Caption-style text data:
|---|

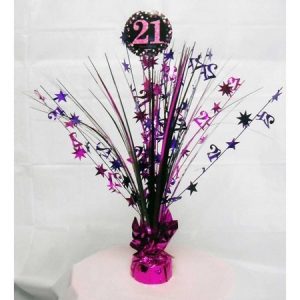 Pink Celebration 21 Spray Centrepiece AM9900583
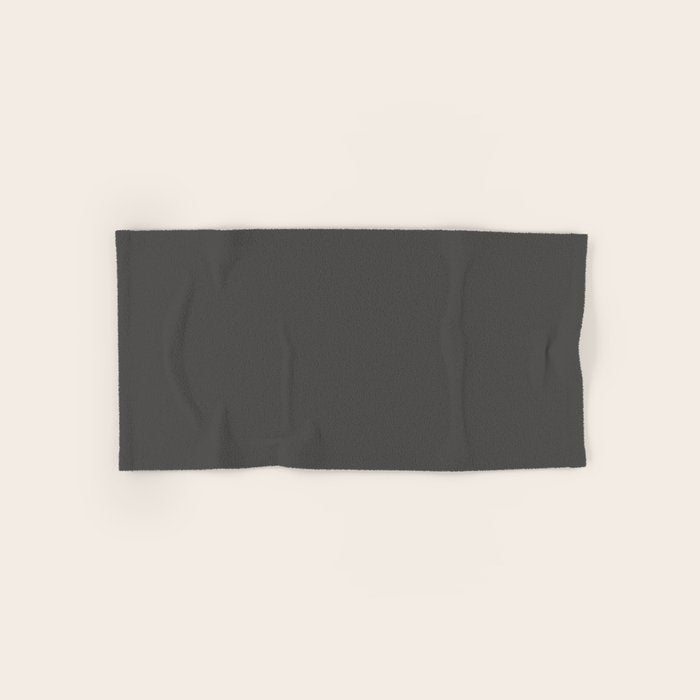 Solid Gray Grey Color Bath Towel Gallery Image 1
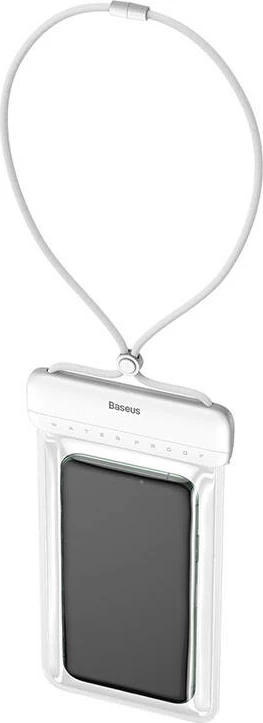 Mbështjellës i papërshkueshëm nga uji për celular Baseus AquaGlide, P60263700213-00, i bardhë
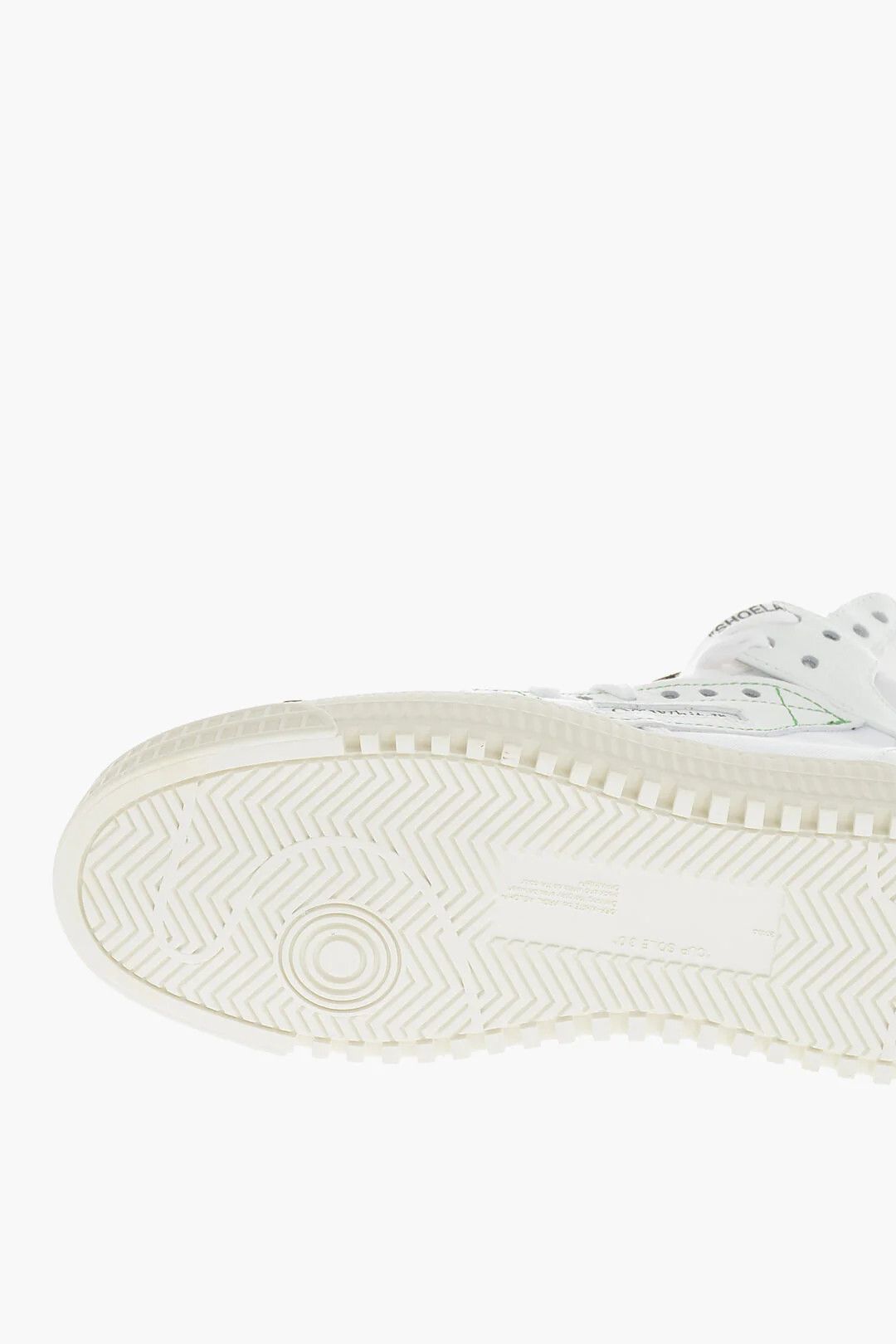 Off-White og1mm0426 Leather & Fabric Hi-Top Sneakers in White Size US 6 / EU 39 - 5 Thumbnail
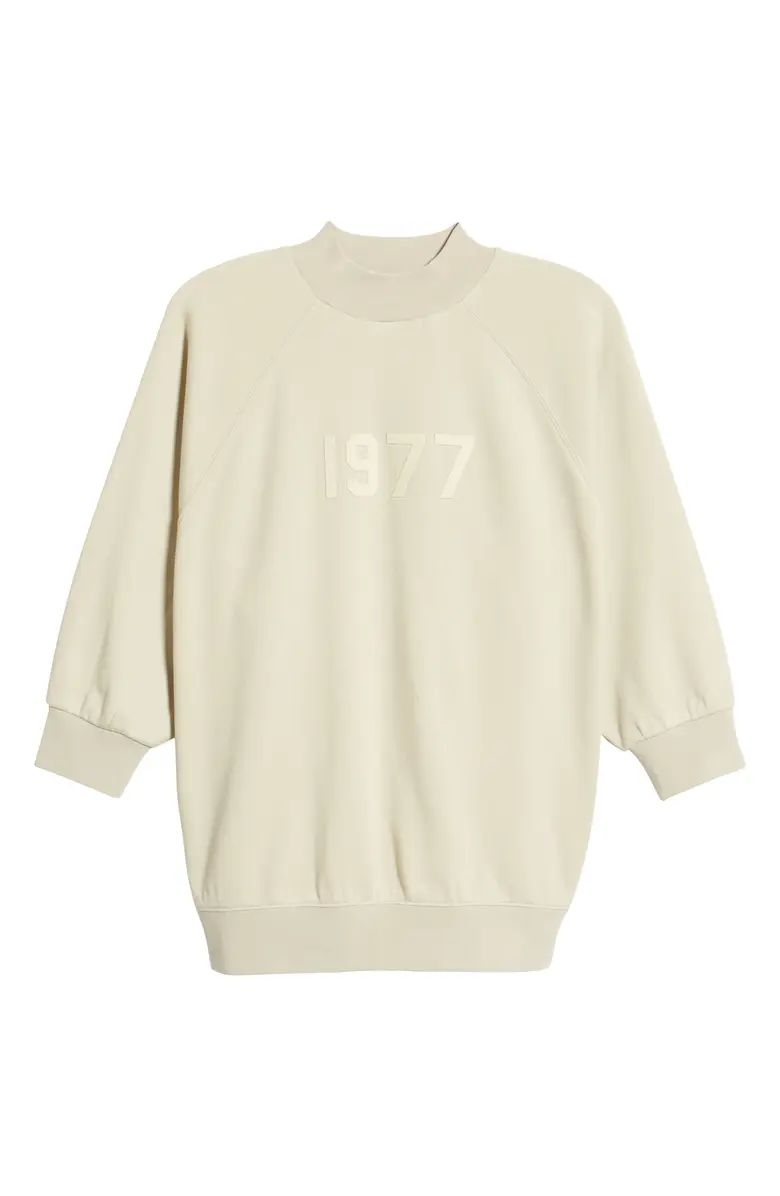 Fear of God Essentials Mock Neck French Terry Pullover | Nordstrom | Nordstrom
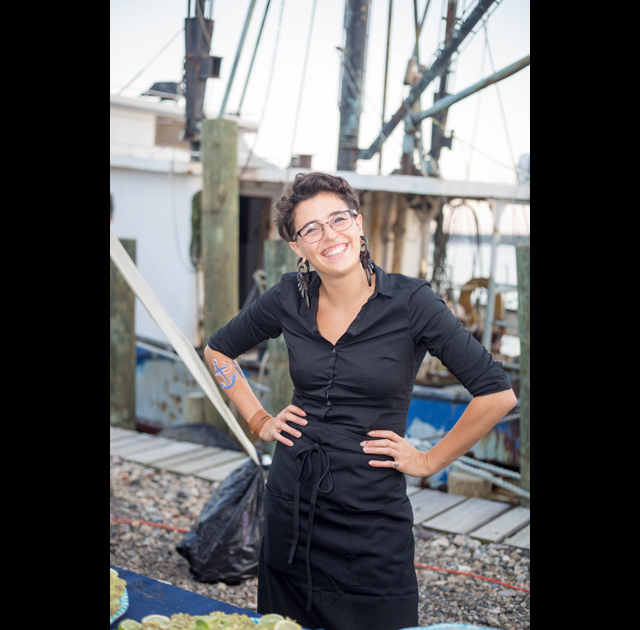 Brie Mutell of Grace and Grit lended a hand at the event.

|---|

● **Assignment**
The response should consist of the lines above from the first through the one containing "Off-White og1mm0426 Leather", transcribed exactly, with every picture left out.

● **Answer to the problem**
 Pink Celebration 21 Spray Centrepiece AM9900583
 Solid Gray Grey Color Bath Towel Gallery Image 1
 Mbështjellës i papërshkueshëm nga uji për celular Baseus AquaGlide, P60263700213-00, i bardhë
 Off-White og1mm0426 Leather & Fabric Hi-Top Sneakers in White Size US 6 / EU 39 - 5 Thumbnail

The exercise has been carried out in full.